(Pictures with short captions)
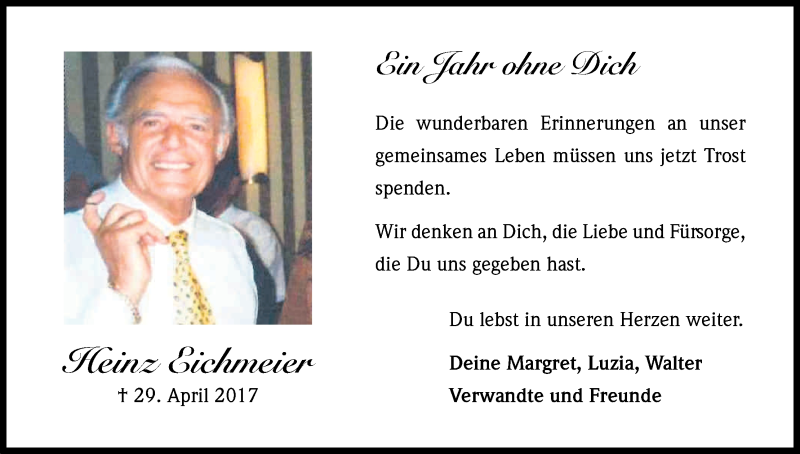  Traueranzeige für Heinz Eichmeier vom 28.04.2018 aus Kölner Stadt-Anzeiger / Kölnische Rundschau / Express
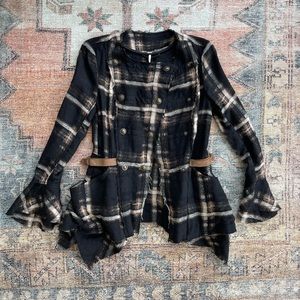 Free people Plaid Wool Vivienne Raw Cut Jacket
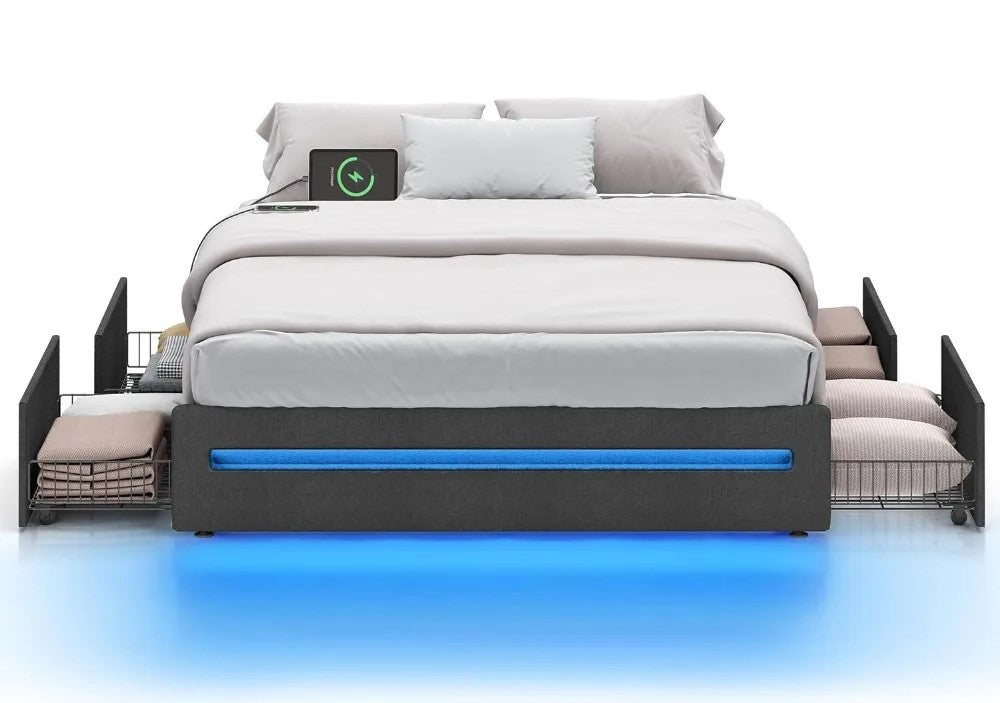 Effortless Comfort Dark Gray LED-Lit Smart Bed With Storage / Lixra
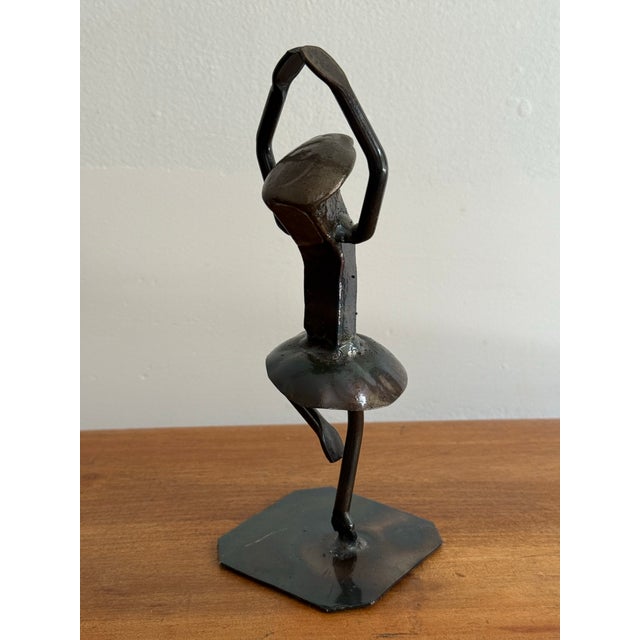 Late 20th Century Industrial Design Brutalist Metal Ballerina Sculpture of Railroad Spike For Sale - Image 6 of 11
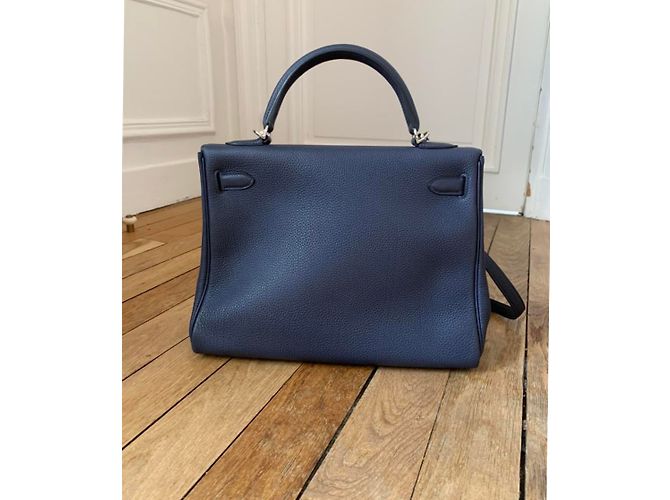 Hermès hermes kelly 32 restituito blu notte blu Blu navy - vista 2
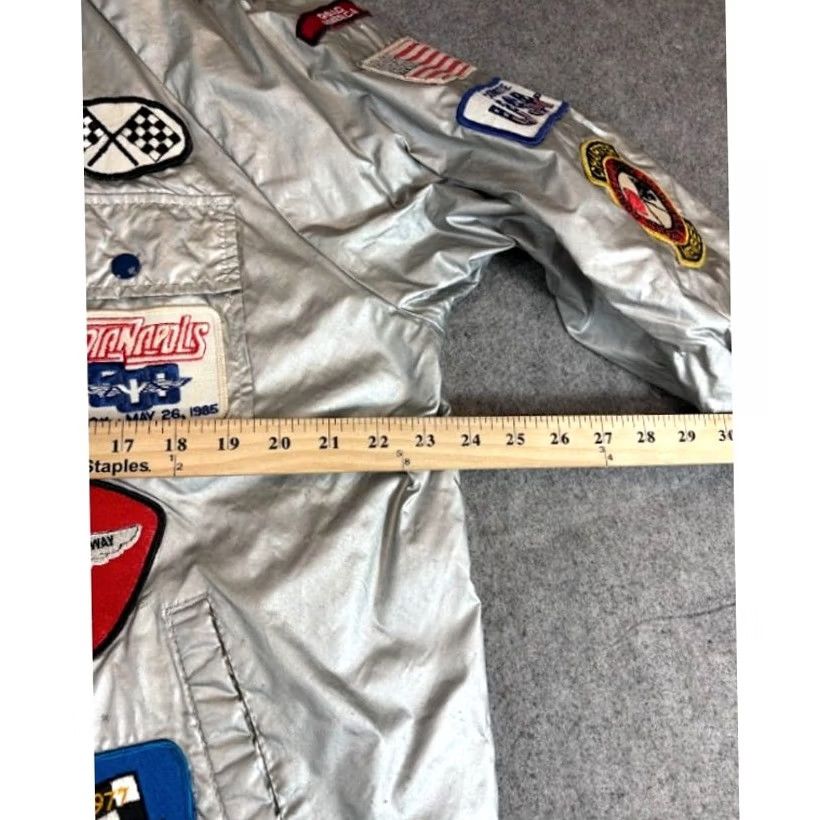 NASCAR VTG NASCAR Patchwork Racing Jacket Mens L Silver Satin Goodyear Indy Motorsports Bomber Jacket Mens X-Large? Size US L / EU 52-54 / 3 - 7 Thumbnail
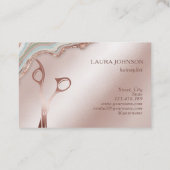 Modern Hair Stylist Roos Gold Scissors Business Ca Visitekaartje (Achterkant)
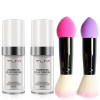 2pcs TLM Color Changing Foundation Liquid with 2 Brushes and 2 Cosmetics Sponge Flawless Full Coverage Natural Color Face Primer Base Makeup 30ml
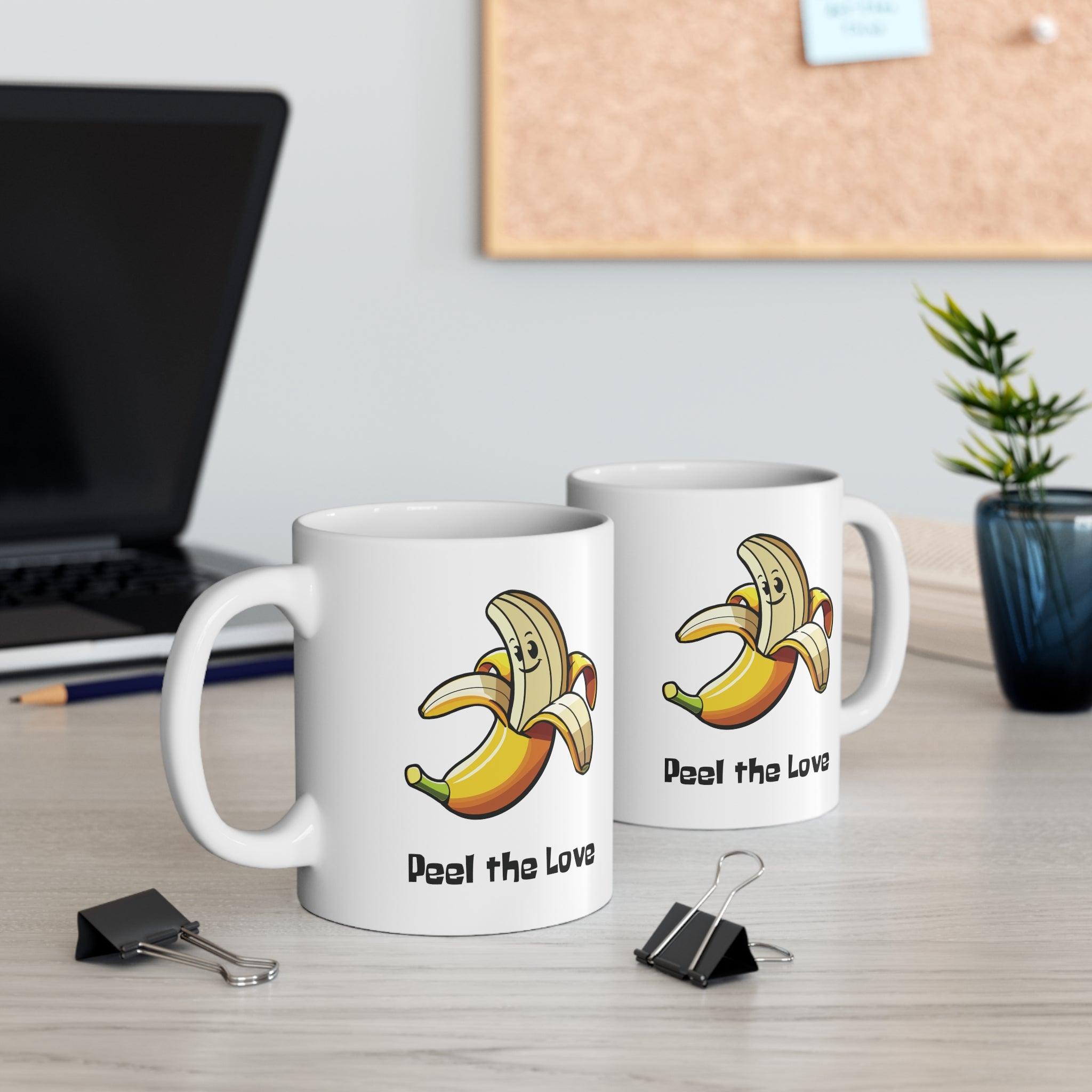 Peel the Love Banana Mug | Cheery 11 oz Pun Gift | Buy Online from The Home Crafters
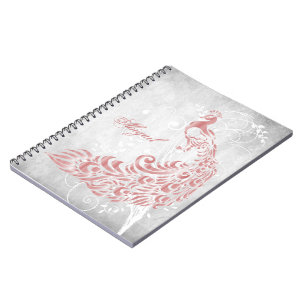 Pink Peacock Personalized Spiral Notebook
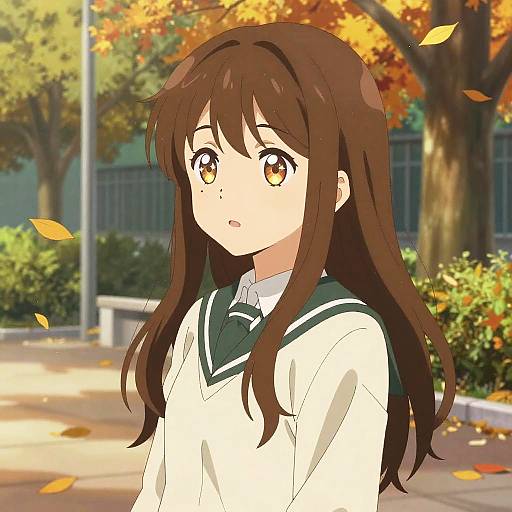 Anime-style digital drawing of a young girl with long brown hair, amber eyes, wearing a white school uniform with green trim, standing in a sunlit
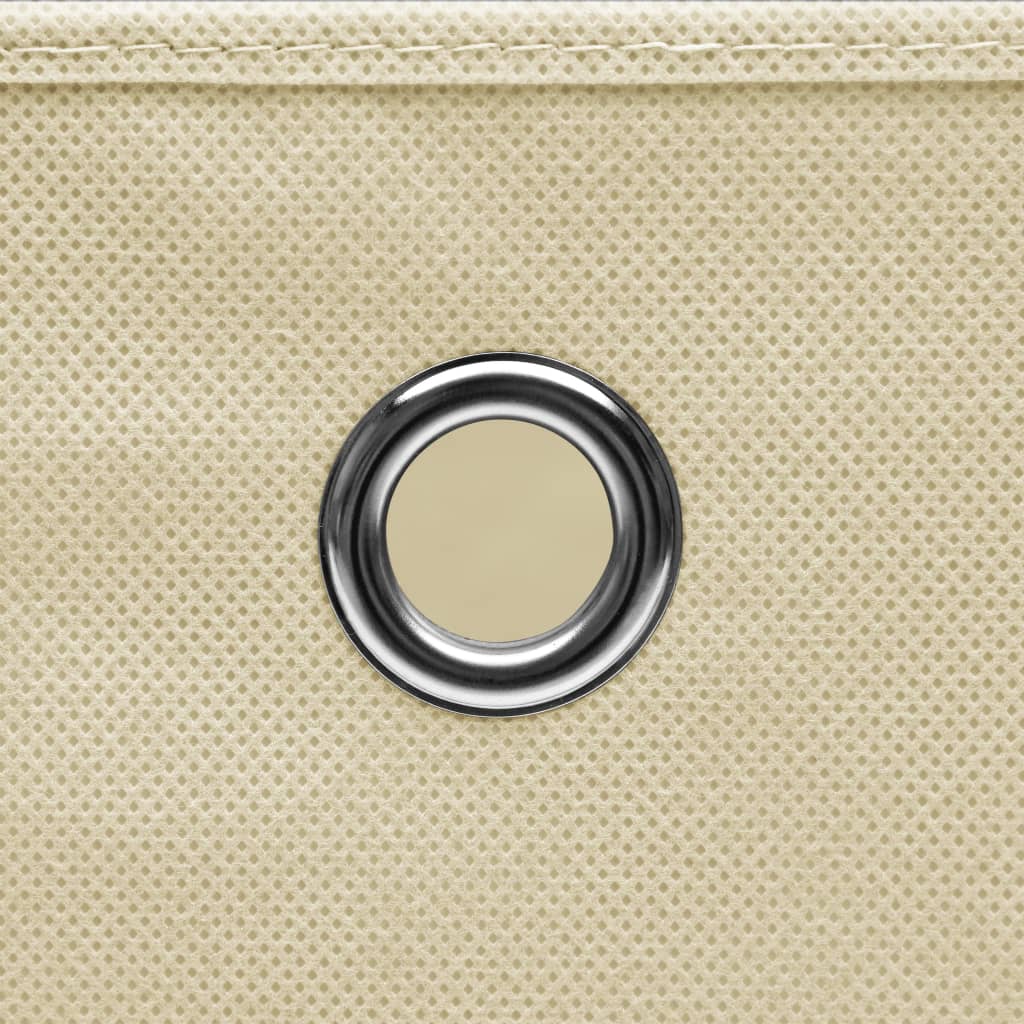 opbevaringskasser med låg 10 stk. 28x28x28 cm cremefarvet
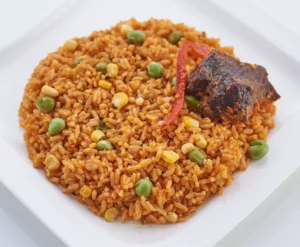 Jollof Rice + 1 pc of Beef + Ribena
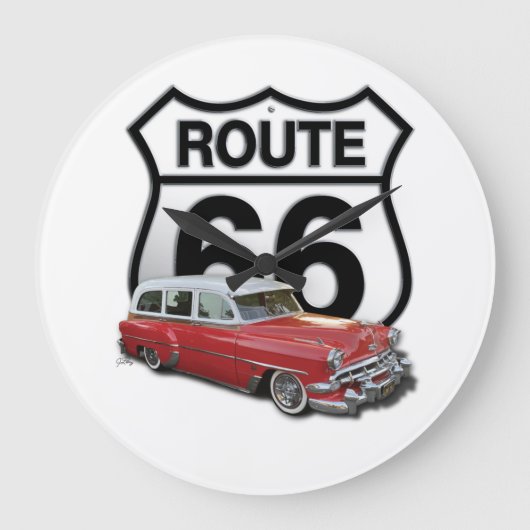 Route 66 Klassieke Auto Grote Klok (Voorkant)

> **Activity**:
Set down exactly the lines running from the beginning of the entries above to the line that contains "Effortless Comfort Dark", including both, and leave out pictures.

> **Written response**:
  Traueranzeige für Heinz Eichmeier vom 28.04.2018 aus Kölner Stadt-Anzeiger / Kölnische Rundschau / Express
 Free people Plaid Wool Vivienne Raw Cut Jacket
 Effortless Comfort Dark Gray LED-Lit Smart Bed With Storage / Lixra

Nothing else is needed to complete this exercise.